Custódio contou que estava passeando com mais três amigos e quatro amigas dentro de um carro. De acordo com ele, todos embriagados.

“Estávamos todos em um bar desde às 3h da tarde. Em seguida, fomos para Piratininga e ali ficamos até às 5h da manhã. Estávamos todos bêbados e saímos de Piratininga. Como o carro estava muito cheio, oito pessoas, eu sentei no colo de uma das meninas. Meu amigo foi fazer uma curva e não conseguiu, entrando em cheio num monumento que há no local. Bati a cabeça no teto do carro. Depois do acidente, todos saíram do carro e eu não podia sentir meu corpo. Só conseguia mover os olhos. O resgate me trouxe para o hospital e, nos primeiros dias, eu fiquei louco. Eu não sentia meu corpo, entrei em desespero, chorava muito e achava que não iria mais andar. Agora estou fazendo tratamento, terapias e já consigo mexer minhas pernas. Estou aqui há mais de 20 dias e o médico me deu esperanças. Vou lutar. Ficar todos esses dias deitado numa cama não é fácil. Senti muita dor no pescoço e sinto dor de garganta e dor de ouvido. Tenho muita esperança de que vou me restabelecer”, relata.

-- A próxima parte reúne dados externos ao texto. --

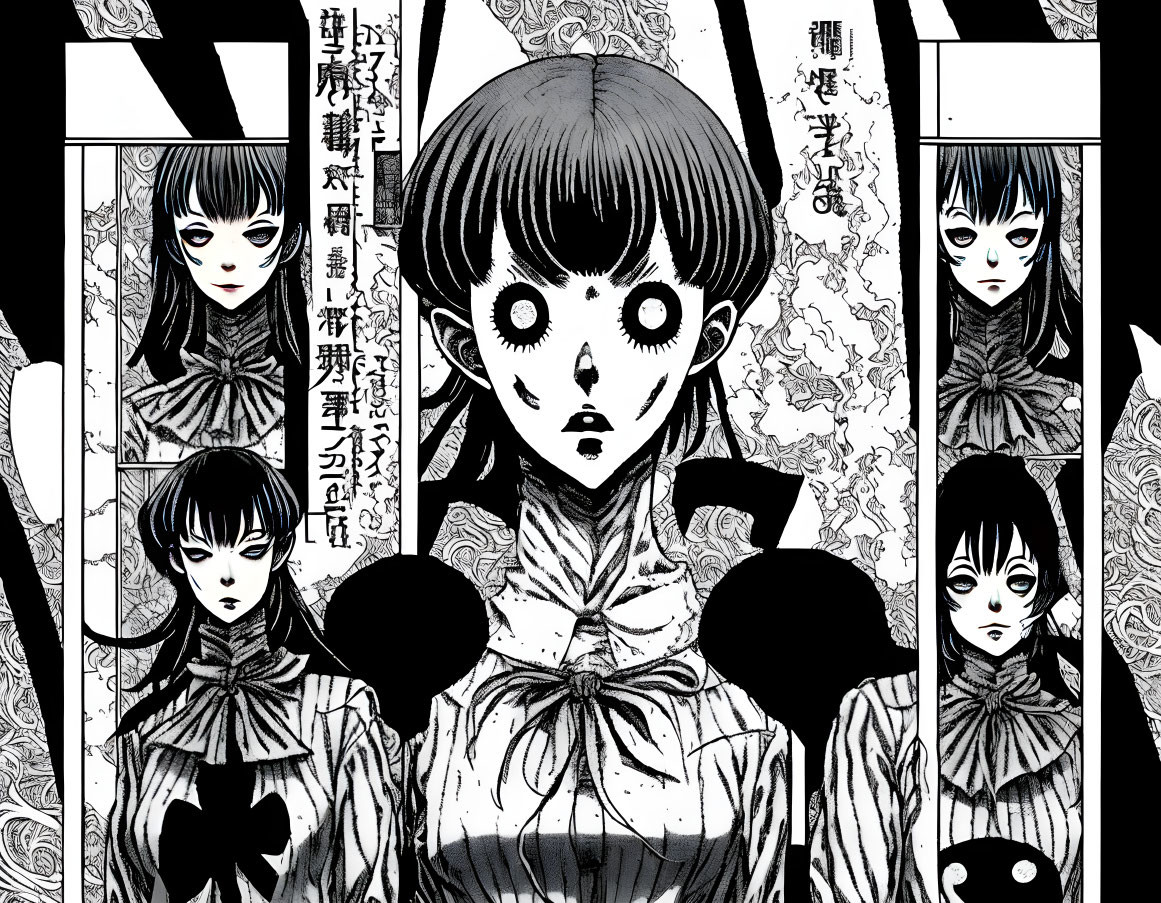 Monochrome manga panel: Girl with expressive eyes and floral patterns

Custódio diz estar muito consciente, hoje, de tudo o que aconteceu. Ele conta que nunca mais deixará um amigo seu dirigir alcoolizado e que jamais entraria novamente num carro sabendo que o motorista não está em perfeitas condições.

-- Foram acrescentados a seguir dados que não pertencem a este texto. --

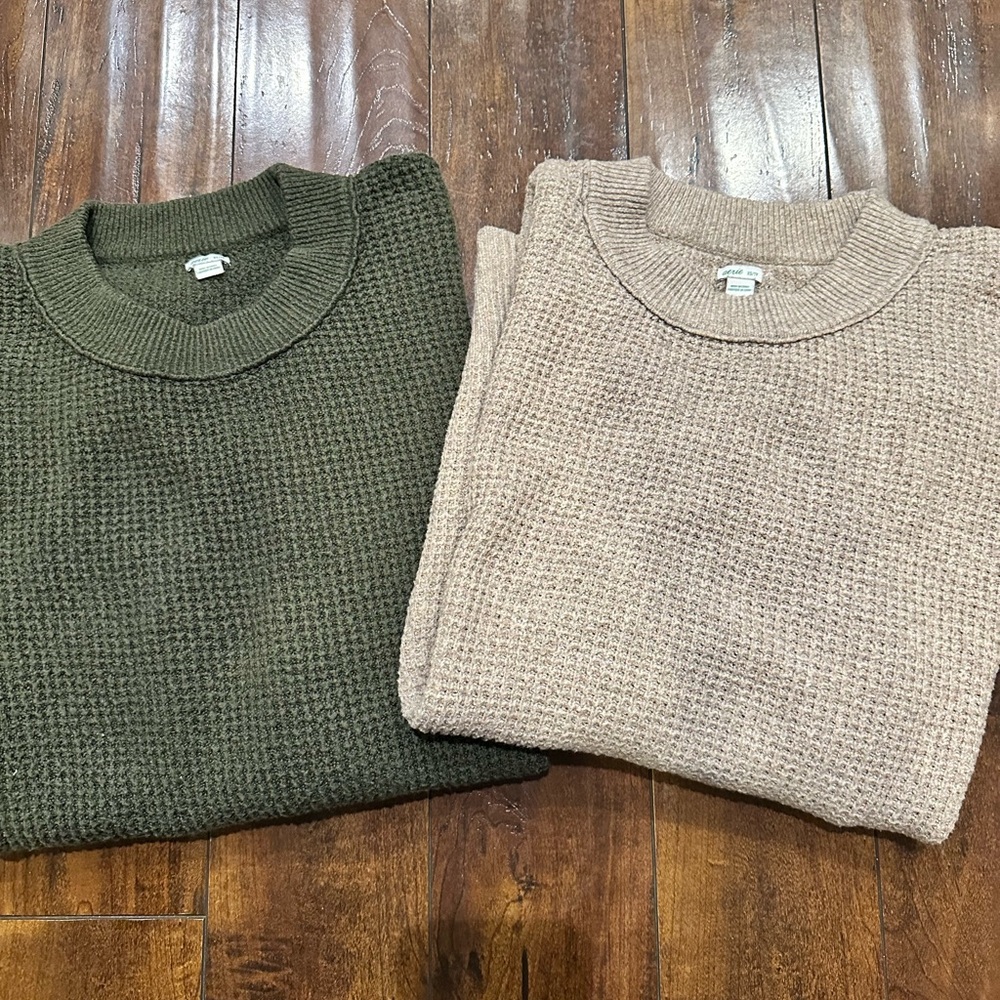Two Aerie Women's Olive and Taupe Crewneck Sweaters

Sua mãe vai todos os dias na UTI visitá-lo e os dois conversam muito. Ele conta que recebe muito apoio da mãe e que procura não deixar que ela perceba o quando ele sente dor. “Quero poupá-la. Não quero que ela sofra mais”, diz.

Para ele, o mais difícil é ficar longe da família e as dores que sente. O único medo de Custódio é o de não conseguir voltar a andar, mas ele tem muita esperança e força de vontade para lutar. “Quero voltar a andar”.